A verbatim copy of all the data is required, minus any images.

(Stored entries)
· · · · ·
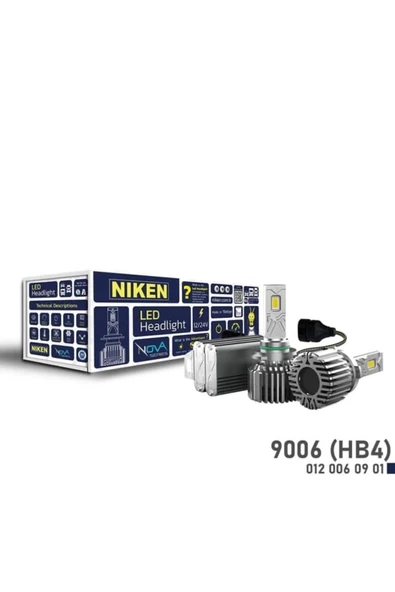 Niken NOVA SOFT SERİSİ 55 WATT 9000 LÜMEN HB4 9006 LED XENON CAN BUS
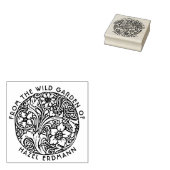  STROOM BOUQUET GARDEN STAMP RUBBERSTEMPEL (Gestempeld)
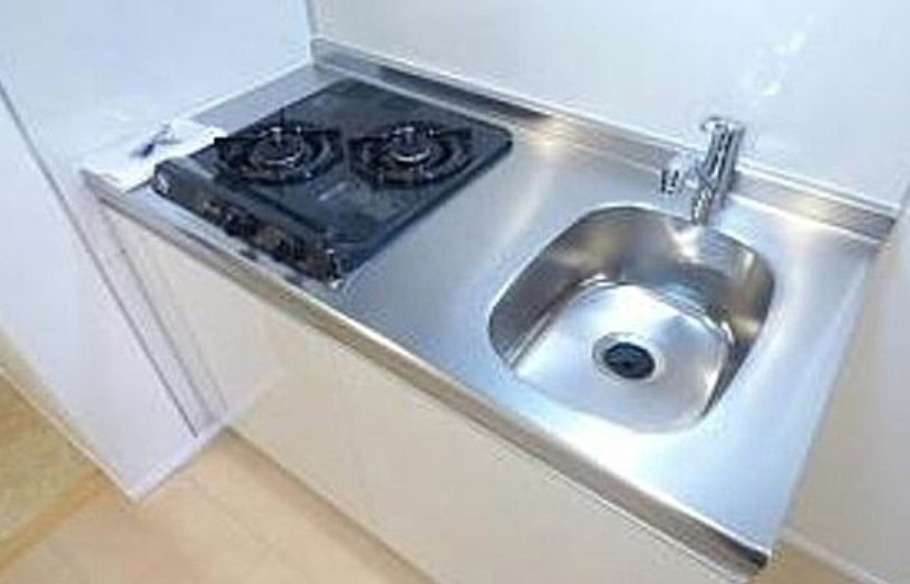 墨田区向島２丁目の賃貸マンションのキッチン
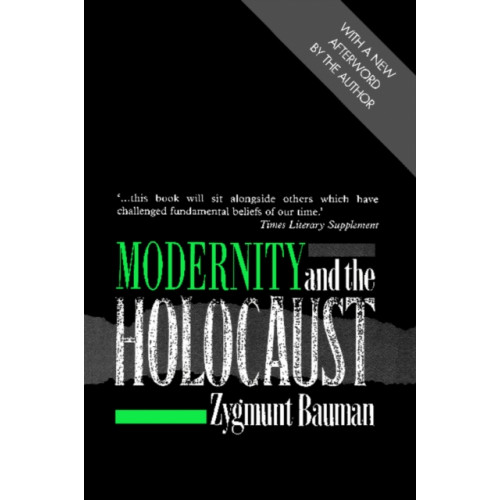 John Wiley And Sons Ltd Modernity and the Holocaust (häftad, eng)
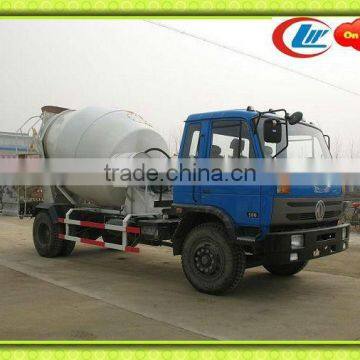 4CBM Dongfeng 190hp concrete mixer truck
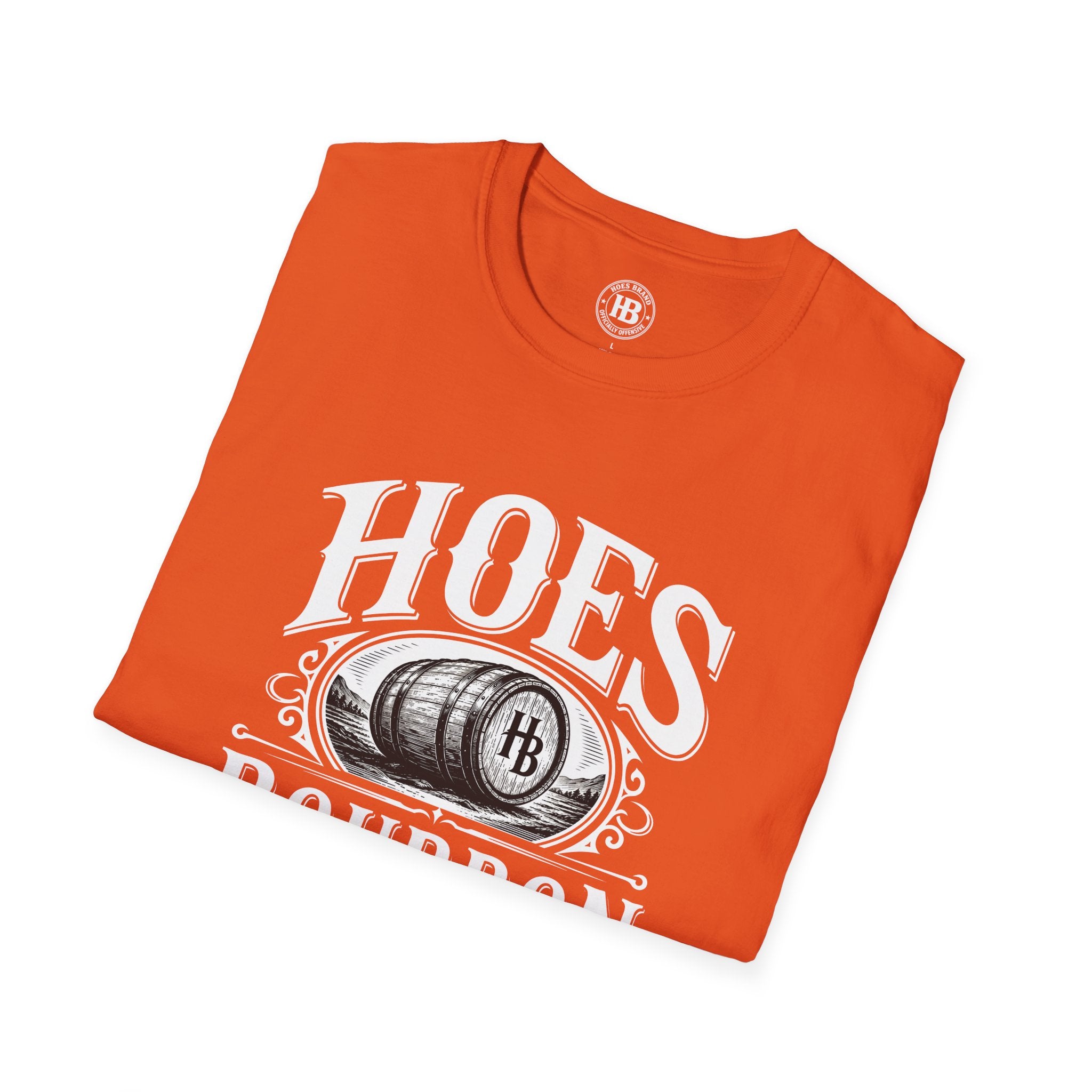 Hoes Bourbon Front Only Tee – Hoes Clothes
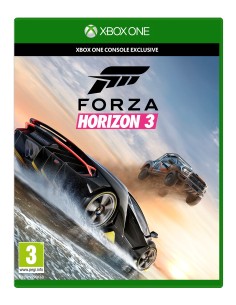 Microsoft Forza Horizon 3, Xbox One Standard Inglese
· · · · ·
_RESULT OF THIS TASK:_
 Niken NOVA SOFT SERİSİ 55 WATT 9000 LÜMEN HB4 9006 LED XENON CAN BUS
  STROOM BOUQUET GARDEN STAMP RUBBERSTEMPEL (Gestempeld)
 墨田区向島２丁目の賃貸マンションのキッチン
 John Wiley And Sons Ltd Modernity and the Holocaust (häftad, eng)
 4CBM Dongfeng 190hp concrete mixer truck
 Hoes Bourbon Front Only Tee – Hoes Clothes
 Microsoft Forza Horizon 3, Xbox One Standard Inglese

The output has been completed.